Quinzième étape de l’intégrale des quatuors de Joseph Haydn, les Cambini-Paris poursuivent leur « Route 68 » dans les foyers du théâtre de Caen. Comme à l’habitude, l’audition de trois opus est agrémentée d’un thème. Cette fois, avec  pour titre « Du graveur au musicien », il s’agit des partitions. Entre l’intention du compositeur et la pression de l’éditeur, il peut y avoir des différences du manuscrit à la publication. C’est le rôle de la musicologie d’arriver à proposer un document qualifié « d’historiquement informé ». Julien Dubruque est responsable éditorial au Centre de musique baroque de Versailles. Il était l’invité de cette nouvelle session.

 

 

Il a suffi que l’imprimeur figure l’astre solaire en illustration du livret des six opus 20 de Joseph Haydn pour que l’on parle des « quatuors du soleil ». Qualification aisée, mais qui ne correspond pas tout à fait à l’atmosphère de ces œuvres. On est plutôt en cette année 1772 dans la période « Sturm und Drang » (Tempête et passion), caractéristique du pré-romantisme.

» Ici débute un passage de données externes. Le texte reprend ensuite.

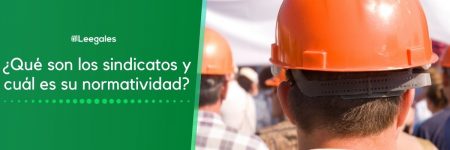 ¿Qué son los sindicatos y cuál es su normatividad?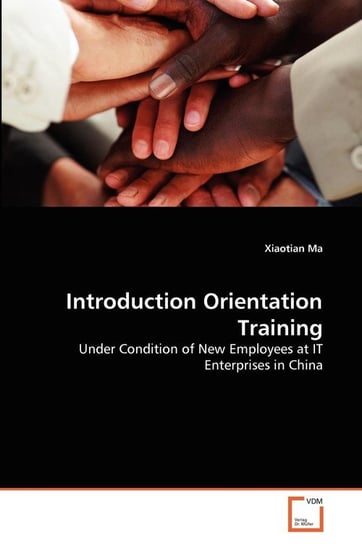 Introduction Orientation Training Ma Xiaotian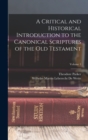 Image for A Critical and Historical Introduction to the Canonical Scriptures of the Old Testament; Volume 1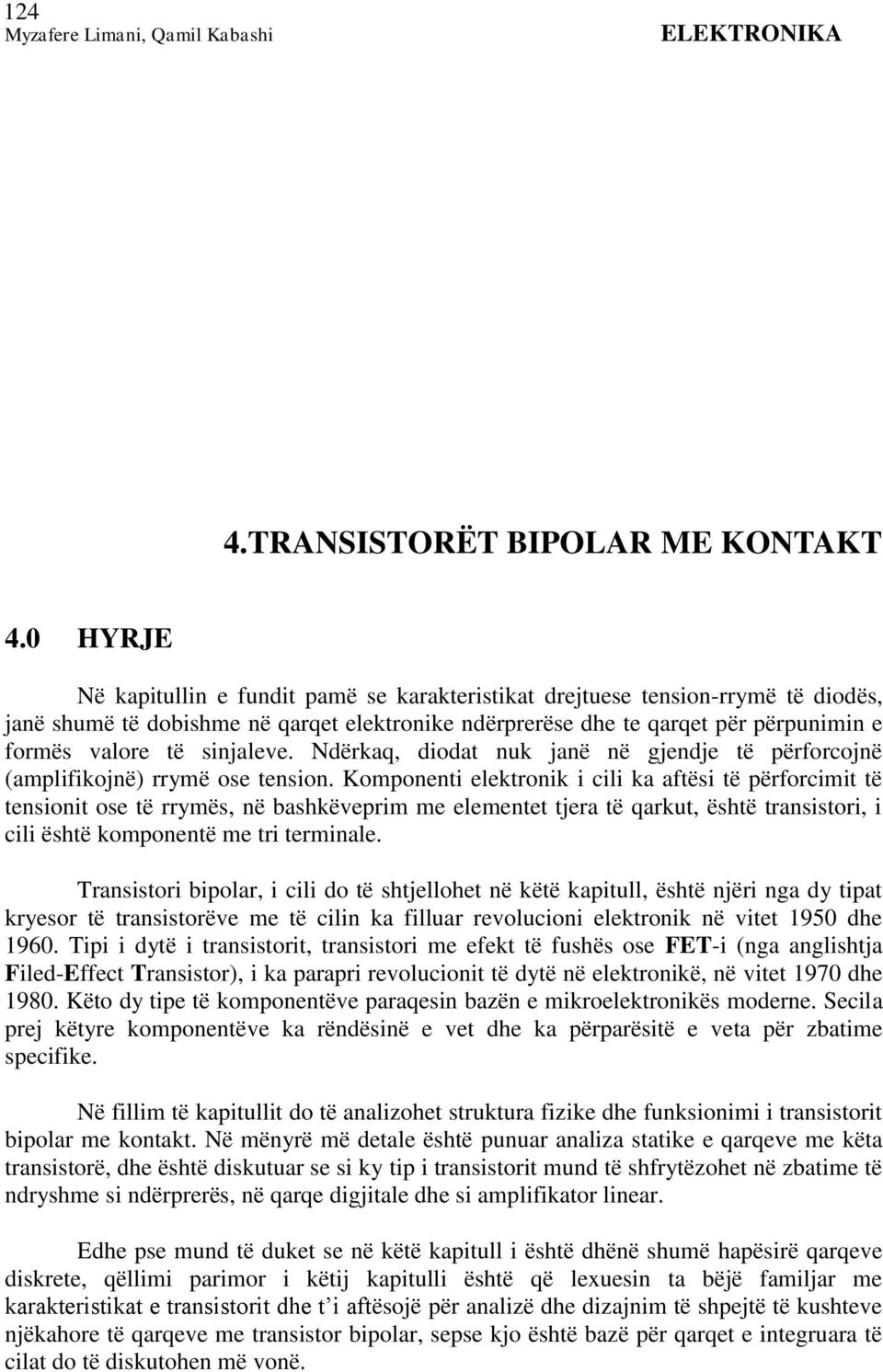 sinjaleve. Ndërkaq, diodat nuk janë në gjendje të përforcojnë (amplifikojnë) rrymë ose tension.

Pièce charnière, le n°6 de cet Opus 20 consolide les bases d’un genre, le quatuor, dont la paternité revient à Haydn. L’interprétation des Cambini _ Julien Chauvin et Karine Crocquenoy, violons, Pierre-Éric Nimylowycz, alto et Atsushi Sakaï, violoncelle _ est sans effets contrastés, conforme ainsi à l’indication « sotto voce » (à mi-voix). « Semper » (toujours), précise le premier violon à la question de Clément Lebrun, l’animateur de ces soirées Haydn.

« Semper », pour justifier un final sur le même ton, alors même que la tentation peut être d’accentuer les coups d’archet dans les dernières mesures. L’attention du public se trouve alors aiguillonnée et plus prompte… à applaudir. Respect du texte, des annotations. Pas si simple. C’est là que peut intervenir la musicologie. Elle vise à proposer des partitions frottées aux sources les plus proches de l’original. Ce qu’on appelle des éditions « Urtexte ».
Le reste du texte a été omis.